Claus W. Turtur (Fachbereich Elektrotechnik, University of Applied Sciences Braunschweig-Wolfenbuettel)

Published in physic.philica.com

Abstract
A new type of motor is presented, at which the electrostatic field produced by an electric charge brings a rotor into rotation. The physical principle of the motor is explained on the basis of Coulomb-forces with additional aid of the image-charge method. Furthermore a possible proposal for an experimental setup for the purpose of practical verification is presented. The assembly described contains a rotor of 20 centimeters in diameter, taking up a torque in the order of magnitude of about 0.1µNm. The setup is not yet technically optimized for later applications, but it is designed in a way to be easy understandable. The origin of the energy driving the rotor can be lead back to the energy of the vacuum.

Article body

Fundamental principle

Reference [1] can be regarded as a preparation of the explanations presented here. There it is demonstrated, that every electrical charge permanently emanates energy carried by the electrical field produced by this charge. Therefore the finite speed of propagation of the electrostatic field has to be taken into account, and thus we see a close connection with retarded fields and retarded potentials known from electromagnetic field-theory (see [2], [3]).

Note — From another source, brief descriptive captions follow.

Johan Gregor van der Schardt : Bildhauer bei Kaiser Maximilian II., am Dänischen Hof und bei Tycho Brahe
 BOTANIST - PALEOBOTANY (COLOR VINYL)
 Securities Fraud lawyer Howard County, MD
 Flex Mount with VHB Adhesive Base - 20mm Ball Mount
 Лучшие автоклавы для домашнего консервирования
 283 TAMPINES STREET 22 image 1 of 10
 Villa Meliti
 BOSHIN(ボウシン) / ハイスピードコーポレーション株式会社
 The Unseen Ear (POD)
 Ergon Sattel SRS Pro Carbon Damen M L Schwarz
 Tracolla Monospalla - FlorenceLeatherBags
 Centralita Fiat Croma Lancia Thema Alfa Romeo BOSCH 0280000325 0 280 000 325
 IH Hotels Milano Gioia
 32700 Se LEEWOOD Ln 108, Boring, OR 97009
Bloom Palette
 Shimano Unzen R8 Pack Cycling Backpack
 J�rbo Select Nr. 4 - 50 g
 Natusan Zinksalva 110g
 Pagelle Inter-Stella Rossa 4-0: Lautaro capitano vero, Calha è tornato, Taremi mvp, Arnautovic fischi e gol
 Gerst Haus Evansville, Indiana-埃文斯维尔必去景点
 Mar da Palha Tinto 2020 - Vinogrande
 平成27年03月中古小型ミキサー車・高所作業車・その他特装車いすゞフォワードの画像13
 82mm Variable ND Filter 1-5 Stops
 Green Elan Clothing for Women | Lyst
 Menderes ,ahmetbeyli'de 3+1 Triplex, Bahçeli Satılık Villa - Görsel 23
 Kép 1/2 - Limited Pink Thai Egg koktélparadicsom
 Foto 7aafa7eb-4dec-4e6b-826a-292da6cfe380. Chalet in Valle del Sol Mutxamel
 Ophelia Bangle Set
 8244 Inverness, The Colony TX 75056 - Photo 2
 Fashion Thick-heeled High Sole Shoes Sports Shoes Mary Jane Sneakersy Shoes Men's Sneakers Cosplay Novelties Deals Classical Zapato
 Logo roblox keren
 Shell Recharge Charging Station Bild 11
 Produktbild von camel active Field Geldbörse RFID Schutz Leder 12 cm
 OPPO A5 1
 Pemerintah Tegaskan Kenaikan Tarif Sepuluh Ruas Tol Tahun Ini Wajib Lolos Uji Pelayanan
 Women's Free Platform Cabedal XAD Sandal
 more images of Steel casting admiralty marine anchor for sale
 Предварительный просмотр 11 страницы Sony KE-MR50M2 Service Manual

At the end of preceding article we will come back to the question of the origin of the energy driving the rotor. But now it shall be described how electrical field-energy emitted by an electrical charge can be converted into mechanical energy. The method of energy-conversion developed here, consists in a special guidance of the electrical flux (which is illustrated in textbooks by drawing field strength lines) with the use of metallic surfaces, in such a way that mechanical forces will act onto the guiding metallic surfaces, so that these surfaces will feel a force and consequently they will begin to move. The electric flux $\Phi_e$ can be defined in analogy to the magnetic flux $\Phi_m= \int_C {\vec B \cdot d\vec A}=\mu_0\cdot \int_C {\vec H \cdot d\vec A}$ through a closed area C as $\Phi_e=\varepsilon_0\cdot\int_C {\vec E \cdot d\vec A}$.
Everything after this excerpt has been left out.